11.11 Satisfaction Requirement.
If any agreement, certificate or other writing, or any action taken or to be taken, is by the
terms of this Agreement required to be satisfactory to the Purchasers or to the Required Holders,
the determination of such satisfaction shall be made by the Purchasers or the Required Holders, as
the case may be, in the sole and exclusive judgment of the Person or Persons making such
determination unless, by the terms of this Agreement, such matter is required to be reasonably
satisfactory to the Purchasers or to the Required Holders, as the case may be, in which event the
determination of such satisfaction shall be made by the Purchasers or the Required Holders, as the
case may be, in the reasonable judgment of the Person or Persons making such determination.

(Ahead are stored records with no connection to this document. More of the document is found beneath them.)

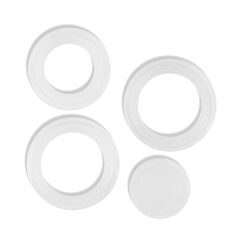 SIGG 8833.80 Trinkflaschenzubehör Dichtungsset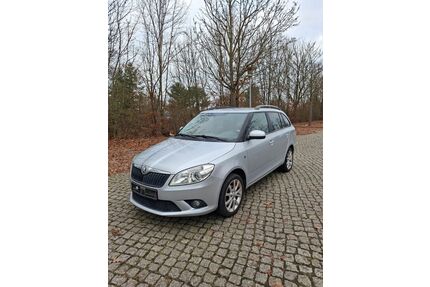 Skoda Fabia Gebrauchtwagen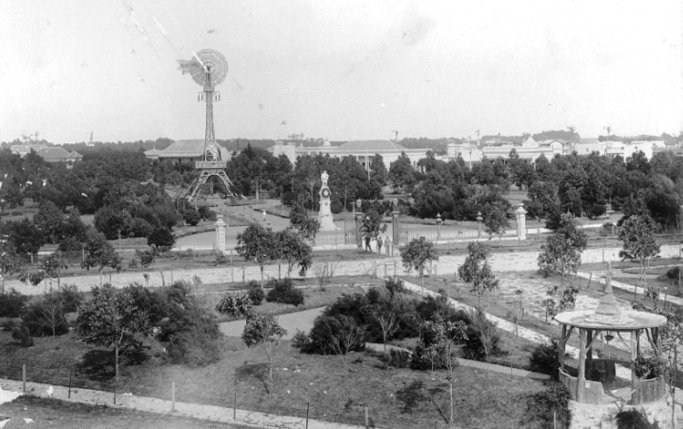 plaza COLON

11.12 Independence of Covenants.
All covenants contained in this Agreement shall be given independent effect so that if a
particular action or condition is not permitted by any of such covenants, the fact that such action
or condition would be permitted by an exception to, or otherwise be within the limitations of,
another covenant shall not avoid the occurrence of a Default or an Event of Default if such action
is taken or condition exists.
11.13 Remedies Cumulative.
No right, power or remedy granted under any Loan Document is intended to be exclusive, but
each shall be cumulative and in addition to any other rights, powers or remedies referred to in
such Loan Document or otherwise available at law or in equity and the exercise or beginning of
exercise by any party hereto of any one or more of such rights, powers or remedies shall not
preclude the simultaneous or later exercise by such party of any or all such other rights, powers
or remedies.
11.14 Reproduction of Documents.
This Agreement, the Notes, and the other Loan Documents and all documents relating hereto and
thereto, including (a) consents, waivers and notifications which may hereafter be executed, (b)
documents received by the Purchasers at the Closing and (c) financial statements, certificates and
other information previously or hereafter furnished to any Holder of a Note, may
63
be reproduced by such Holder or the Company by any photographic, photostatic, microfilm,
microcard, miniature photographic or other similar process and any original document so reproduced
may be destroyed. The Company and the Purchasers agree and stipulate that, to the extent permitted
by applicable law, any such reproduction shall be admissible in evidence as the original itself in
any judicial or administrative proceeding (whether or not the original is in existence and whether
or not such reproduction was made in the regular course of business) and any enlargement, facsimile
or further reproduction of such reproduction shall likewise be admissible in evidence.
11.15 Notes as Securities.
The Company and the Purchasers agree that the Notes are securities as defined in each of the
Securities Act and the Exchange Act.
11.16 Severability of Provisions.
Any provision of this Agreement which is prohibited or unenforceable in any jurisdiction
shall, as to such jurisdiction, be ineffective to the extent of such prohibition or
unenforceability without invalidating the remaining provisions hereof or affecting the validity or
enforceability of such provision in any other jurisdiction.
11.17 Interest.
(a) Each provision in this Agreement, the Notes and the other Loan Documents is
expressly limited so that in no event whatsoever shall the amount paid, or otherwise agreed
to be paid, to any Holder for the use, forbearance or detention of the indebtedness
evidenced by the Notes or any other Loan Document or otherwise (including any sums paid as
required by any covenant or obligation contained herein or in any other Loan Document which
is for the use, forbearance or detention of such money), exceed that amount of money which
would cause the effective rate of interest to exceed the Highest Lawful Rate, and all
amounts owed under this Agreement, the Notes and each other Loan Document shall be held to
be subject to reduction to the effect that such amounts so paid or agreed to be paid which
are for the use, forbearance or detention of money under this Agreement, the Notes or any
other Loan Documents shall in no event exceed that amount of money which would cause the
effective rate of interest to exceed the Highest Lawful Rate.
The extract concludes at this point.